*** TASK INPUT ***

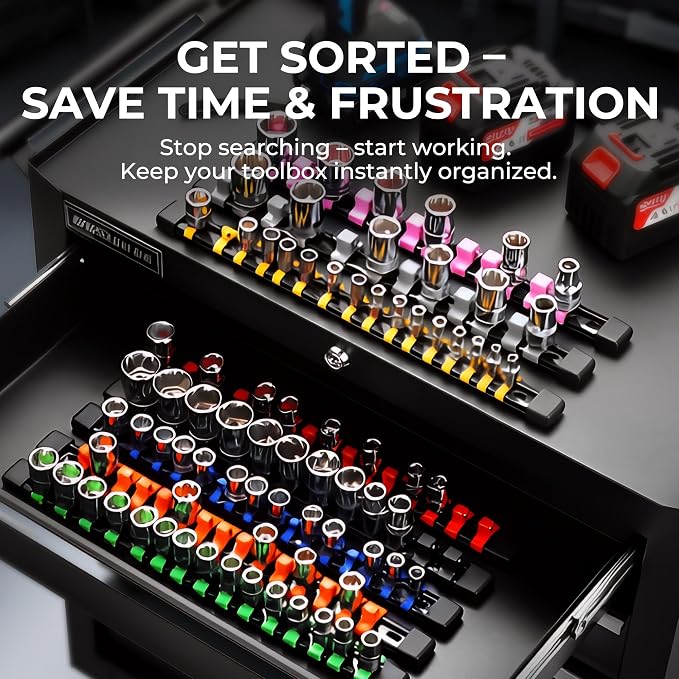 Reniteco 3-Pack Socket Organizer Set, 1/4" x 16 3/8" x 15 1/2" x 12 Clips | 43 Clip Capacity, Havy-Duty ABS Socket Rails, Removable Clips, Drive Socket Storage, Toolbox Drawer or Wall Mount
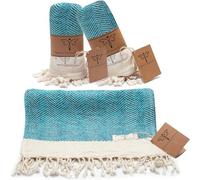 Smyrna - Juego de 2 Toallas de Mano turcas Originales de la Serie Herringbone | 100% algodón, 16 x 40 Pulgadas | Toalla Decorativa de baño para Manos, Cara, Cabello, Gimnasio, Yoga, té, Cocina y baño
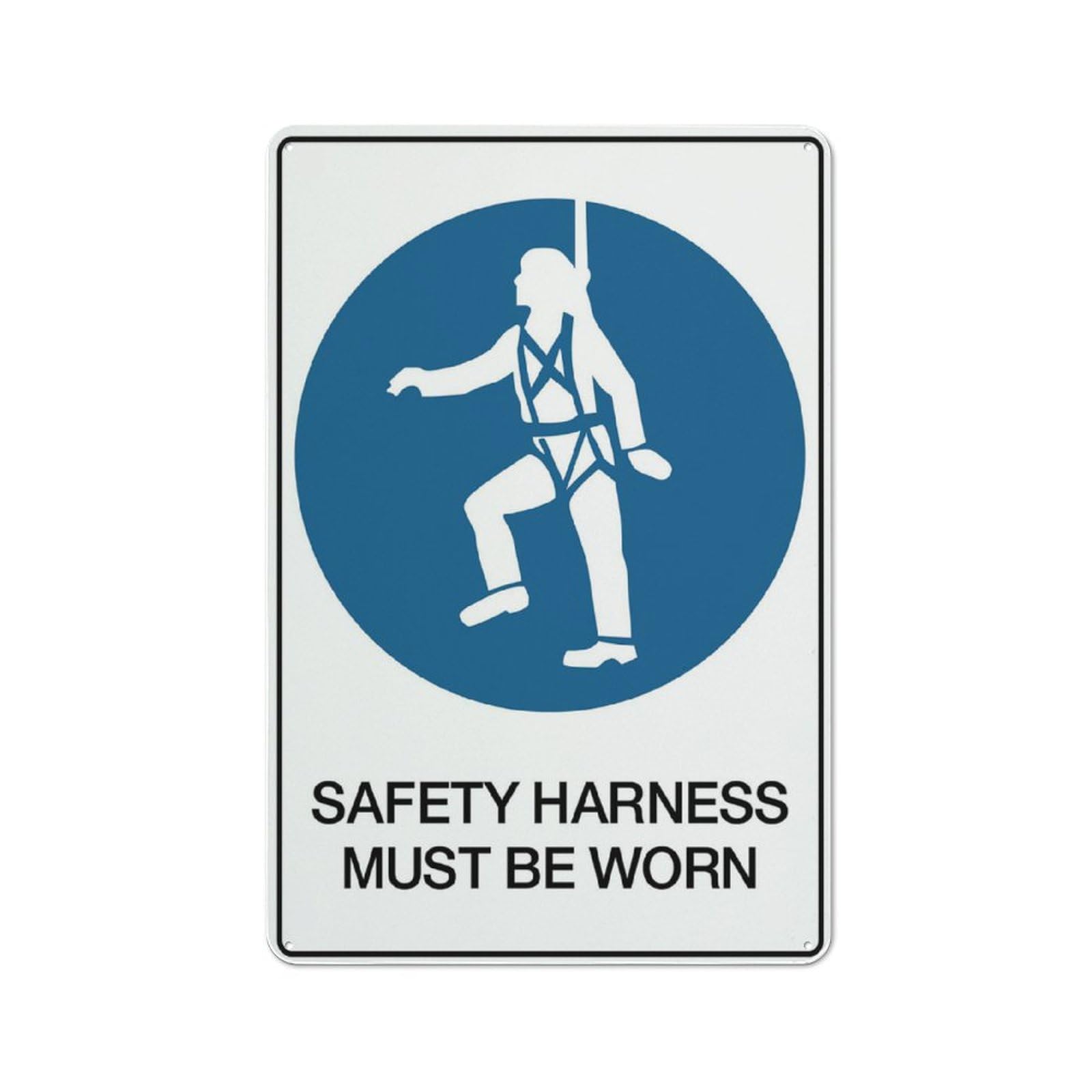 Safety Harness Must Be Worn Sign, 8x12 Inch UV-Ink Printed Aluminum for House & Business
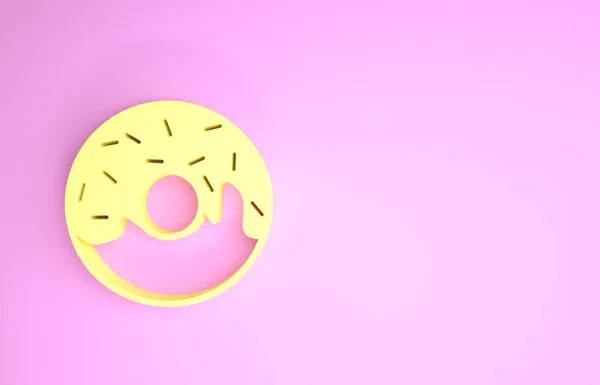 ピンクの背景に甘い釉薬のアイコンで黄色のドーナツ。最小限の概念。3Dイラスト3Dレンダリング — ストック写真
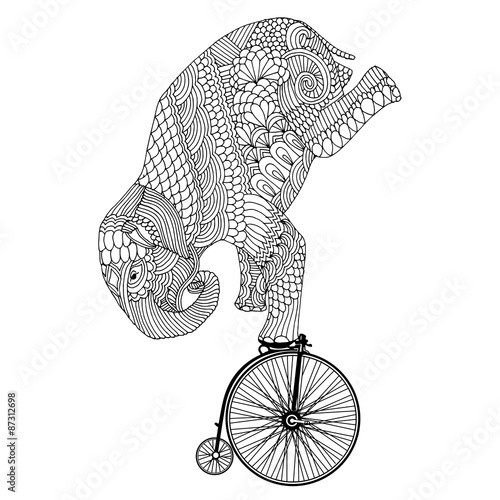 Stylized fantasy patterned elephant on vintage bicycle 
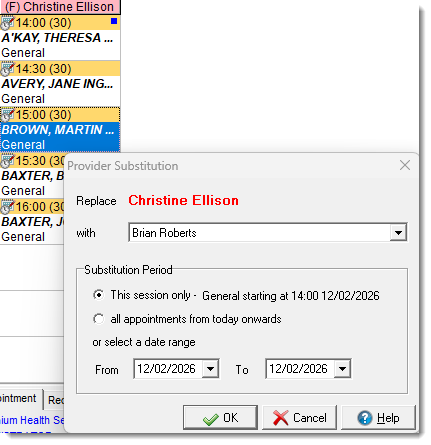Example Provider Substitution window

***

[WHAT TO WORK ON] Reproduce every record above word for word. Leave the pictures out.

[EXERCISE ANSWER]
 Reniteco 3-Pack Socket Organizer Set, 1/4" x 16 3/8" x 15 1/2" x 12 Clips | 43 Clip Capacity, Havy-Duty ABS Socket Rails, Removable Clips, Drive Socket Storage, Toolbox Drawer or Wall Mount
 Smyrna - Juego de 2 Toallas de Mano turcas Originales de la Serie Herringbone | 100% algodón, 16 x 40 Pulgadas | Toalla Decorativa de baño para Manos, Cara, Cabello, Gimnasio, Yoga, té, Cocina y baño
 Safety Harness Must Be Worn Sign, 8x12 Inch UV-Ink Printed Aluminum for House & Business
 ピンクの背景に甘い釉薬のアイコンで黄色のドーナツ。最小限の概念。3Dイラスト3Dレンダリング — ストック写真
 Stylized fantasy patterned elephant on vintage bicycle 
Example Provider Substitution window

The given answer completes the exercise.